I recently became aware of the book Topology and Groupoids by Brown. After seeing a number of questions/answers here on Math.SE that referenced the book and had nice perspectives, I'm curious about its use as a somewhat introductory text for undergraduates.

In the past, I have always used Munkres and Hatcher as go-to textbooks. Has anyone else mentored/taught students using this book, and if so:

• How does it compare to these standard texts?
• What aspects does the book do well in, and what does it lack?
• What benefit is there, if any, in introducing a student early on to the perspective that Topology and Groupoids offers?

Answer 1

This is only a personal opinion.

What is obvious is that Topology and Groupoids doesn't have the same purposes as the Munkres and the Hatcher. As the title suggests, much importance is given to the algebraic structure of a groupoid, which is may not be the best way to tackle algebraic topology for the first time. But it is possible to read only the parts of the book which don't use the theory/language of groupoids. This is what I did and it was very helpful to me.
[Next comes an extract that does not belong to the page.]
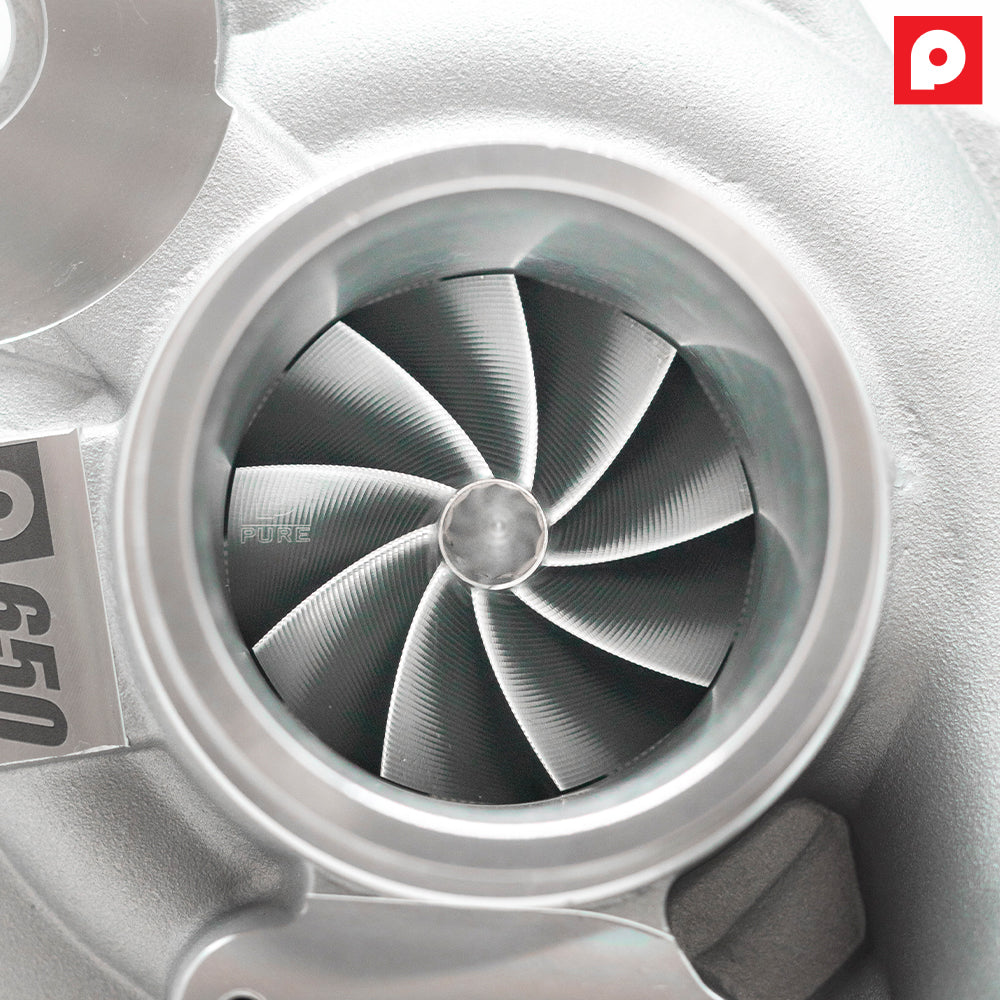Pure Turbos Mercedes Benz (CLA45/GLA45/A45) M133 – NEW Pure650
What I did really enjoy with this book is the part on function spaces, which is, I think, very well written. In general, the book is pretty much self-contained, in that all the non-basic topology you need is in it.

Of course, if you read the book except the parts on groupoids, there is way more content is the other books, but I would say that everything which is done is done very well, and in a style which is different than the others. I personally didn't read the Munkres very much so I can only really compare with the Hatcher.

What I like about this book is that it is has no shame to go directly into full generality, or almost. For example one of the first theorems about covering maps is that they are Hurewicz fibrations (more or less), which is a very general result which doesn't appear, I think, in the Hatcher (it does in the Spanier if I remember well). Despite the generality, I was never lost, as I could have been reading other books.

So, these are over all personal comments, but I hope this will answer partially your question. As a conclusion I would say that this book shouldn't be your only reference but it is a very good book to refer to whenever you have some uncertainty, and to read along another one.

Answer 2

The previous editions of 1968 and 1988 of Topology by Brown have been my favorite choices in both teaching and research. The present edition of 2006 contains many additional interesting topics. During the past several years, Semigroups have been extensively studied from the algebraic point of view [see the journal : Semigroup Forum]. Using the techniques developed in "Topology and Groupoid" by Brown, some results on Groupoid and semigroups can possibly be established in the setting of Topological Groupoids and Topological Semigroups. Prior to the knowledge of the present edition of the book, I have studied various topologies on Topological Algebras, Topological Modules and Modules of continuous homomorphism [published jointly in Demons. Math. 38(2005), Comtemp.Math. (2007, AMS) , JMAA 343(2008)].